▸ **Assignment**: Once the line with "Maison � vendre 5 pi�ces 132 m�" is found, repeat exactly that line and every one after it until the data below ends, including the last line.

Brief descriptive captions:
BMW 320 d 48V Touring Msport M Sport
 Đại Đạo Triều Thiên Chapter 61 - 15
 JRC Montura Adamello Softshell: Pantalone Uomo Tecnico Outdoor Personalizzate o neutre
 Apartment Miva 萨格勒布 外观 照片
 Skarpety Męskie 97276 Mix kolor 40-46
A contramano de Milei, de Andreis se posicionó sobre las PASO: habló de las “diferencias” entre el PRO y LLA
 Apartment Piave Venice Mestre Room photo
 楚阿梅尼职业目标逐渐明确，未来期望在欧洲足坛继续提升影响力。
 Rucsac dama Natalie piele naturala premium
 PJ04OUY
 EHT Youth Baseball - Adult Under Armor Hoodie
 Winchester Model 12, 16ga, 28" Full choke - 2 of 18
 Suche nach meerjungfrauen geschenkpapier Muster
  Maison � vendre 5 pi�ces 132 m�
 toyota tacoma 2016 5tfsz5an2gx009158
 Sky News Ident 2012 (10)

▸ **Answer area**:
  Maison � vendre 5 pi�ces 132 m�
 toyota tacoma 2016 5tfsz5an2gx009158
 Sky News Ident 2012 (10)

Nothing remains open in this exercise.